Categorizada como a terceira substância psicoativa mais consumida no mundo — ficando atrás do álcool e da nicotina — a cannabis, ou popularmente conhecida como maconha, pode acabar gerando problemas cognitivos a partir dos efeitos que perduram após seu consumo. A seguir você confere dados colhidos a partir de um estudo realizado pela SSA (Society for the Study of Addiction) sobre os impactos cognitivos no consumo de maconha.

Propósito e recursos

O estudo foi realizado tendo como base adolescentes e adultos que consomem cannabis com certa regularidade. O fato desse consumo crescer, a nível mundial — uma vez que vários países liberaram o consumo recreativo ou terapêutico da maconha –, traz uma preocupação de saúde pública no que tange aos possíveis efeitos que esse psicoativo pode trazer aos usuários.

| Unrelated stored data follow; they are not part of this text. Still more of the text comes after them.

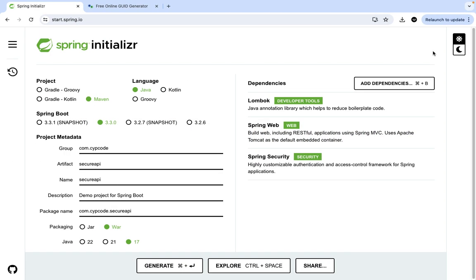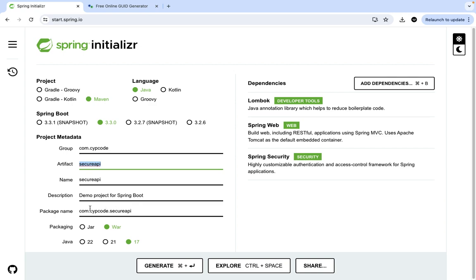As always, we start with the Spring Initializr. First, we get all our project metadata and dependencies in check. We use Maven so we have our POM file to resolve all dependencies. The language is Java, and for Spring Boot we always go for the latest stable version — the ones without the snapshot. The group artifact is 'contact.zipcode', the artifact is 'secure-api', packaged as a JAR, and we're using Java 17, the latest stable long-term support version.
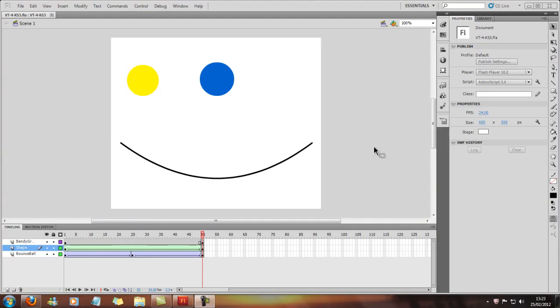OK, so now we've done the Shape Tween and the Classic Tween, we're going to go into doing the Motion Tween.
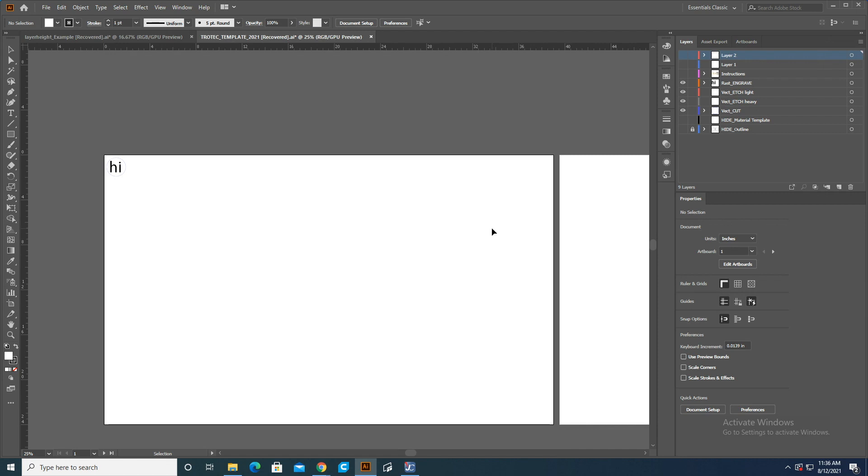Welcome to a tutorial on sending an Illustrator linework file to job control for the Trotec laser cutter.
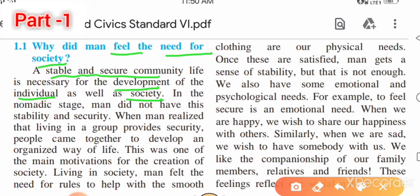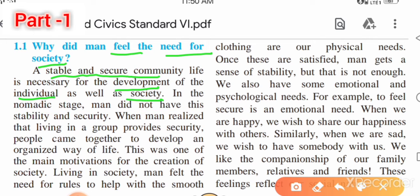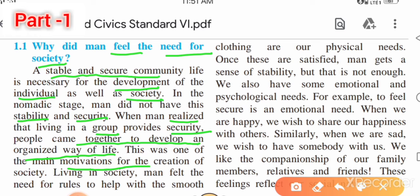In the nomadic stage, man would migrate from place to place. Man did not have stability and security at that time — कोई भी तरीके की security नहीं थी, stability नहीं थी। When man realized that living in a group provides security, people came together to develop an organized way of life.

O consumo de cannabis está bastante relacionado a países que estão legalizando a atividade, o que preocupa especialistas quanto ao consumo exagerado da substância. Reprodução: hightimes
O consumo de maconha está bastante relacionado a países que estão legalizando a atividade, o que preocupa especialistas quanto ao consumo exagerado da substância. Reprodução: hightimes

Os efeitos sobre as funções cognitivas foram os que mais se destacaram, intensificados quando em pessoas mais jovens, pois estes ainda possuem atividades cerebrais em desenvolvimento. A pesquisa realizou uma meta-análise de 10 estudos na área, representando mais de 43.000 participantes, a partir de artigos publicados nas plataformas PubMedPsycINFOWeb of Science e Google Scholar.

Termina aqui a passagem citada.